Mais pourquoi avoir opté pour une Super-Pharmacie privée à but lucratif, dominée par un grand groupe qui va faire concurrence aux petites pharmacies de quartier ? Il n’y avait qu’à suivre l’exemple du Service public de la PMU de Lausanne, qui accueille des étudiants, participe à la formation des médecins et des infirmières, œuvre au perfectionnement des services, appuie les EMS fribourgeois et les soins à domicile en Valais, ne vise pas à faire du profit et réinvestit ses bénéfices dans la recherche.
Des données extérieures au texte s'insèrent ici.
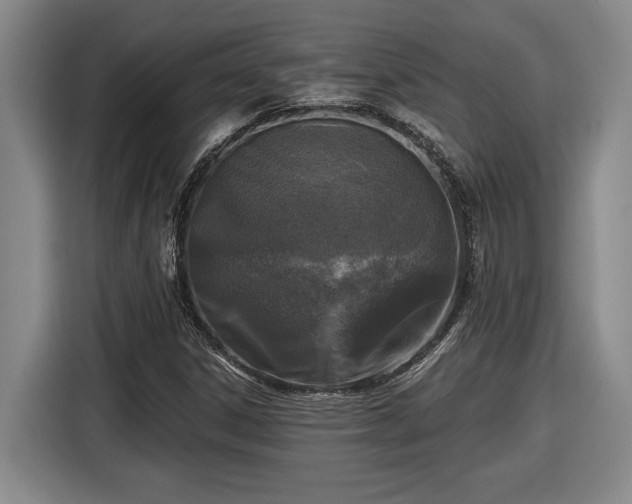 X0000116511306200912161330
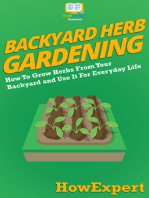 Backyard Herb Gardening: How To Grow Herbs From Your Backyard and Use It For Everyday Life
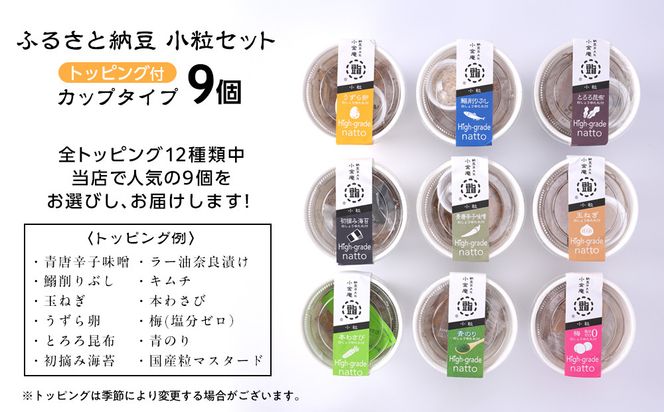 ふるさと納豆　カップタイプ9個　 小粒セット(カップ納豆9個）＜納豆BAR小金庵＞ 272183_BR34VC02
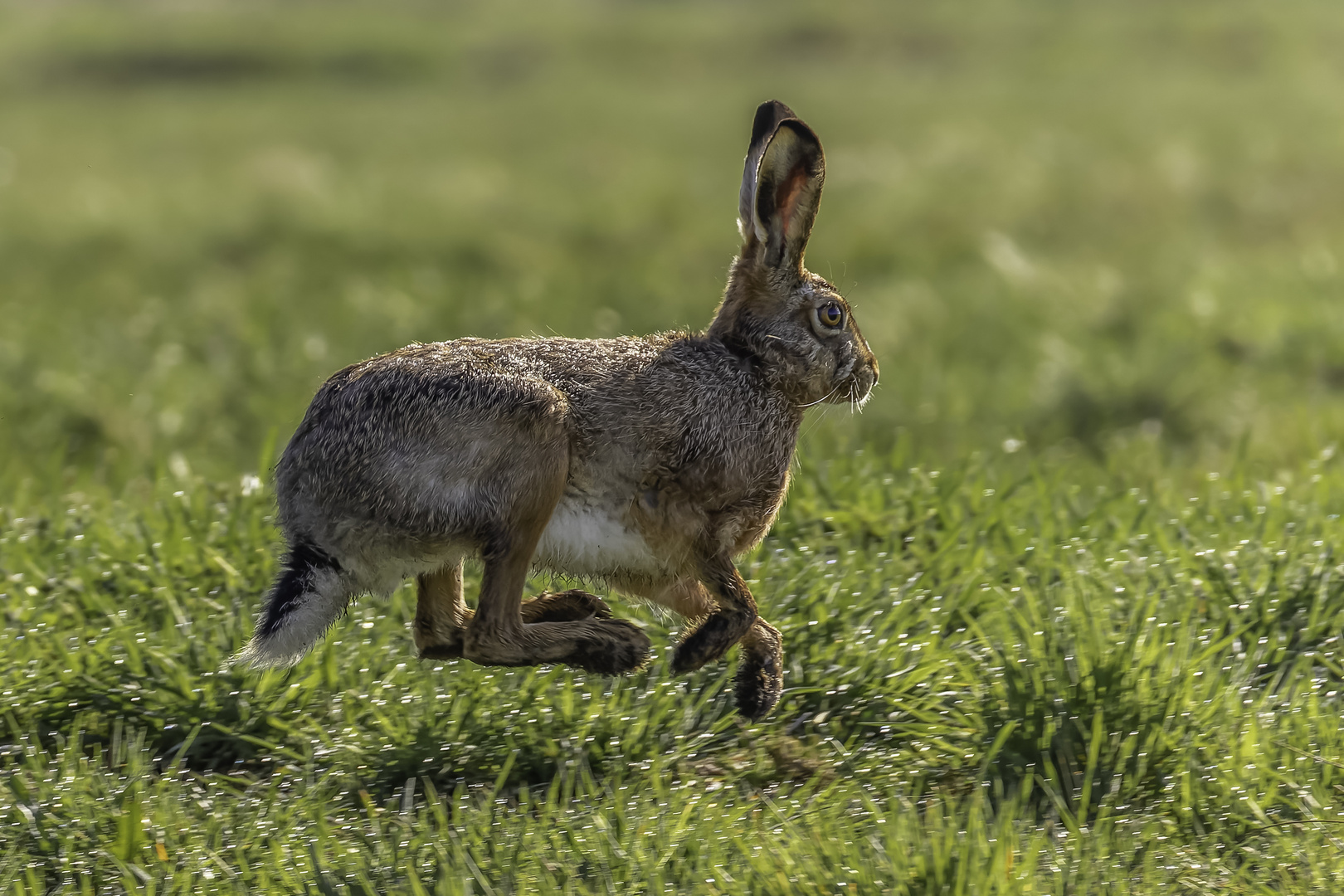 Feldhase (Lepus europaeus)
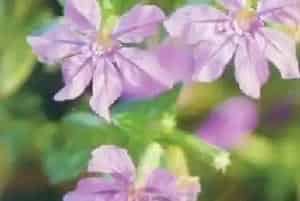 紫雪茄花(紫萼距花)养殖方法和注意事项_紫雪茄花图片种植时间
Pourtant, le DEAS voulait favoriser les grands groupes du privé et tenter de compenser l’insuffisance des subventions cantonales aux HUG en percevant un loyer et une fraction des profits de cette entreprise commerciale. Comme l’avoue M. Adrien Bron, directeur de la Direction générale santé, cette initiative visait à « décorréler la droite des ressources allouées à la couverture des soins, par rapport à l’évolution des besoins ». En clair, il s’agissait de privatiser un petit morceau de l’hôpital.

Mais le plus surprenant pour EàG a été de voir notre amendement rejeté par le PS et les Verts, et soutenu par… l’UDC. Il invitait simplement« à créer un service pharmaceutique d’urgence aux HUG géré par une Fondation de droit public ouvert aussi en dehors des heures d’ouverture des pharmacies de quartier ».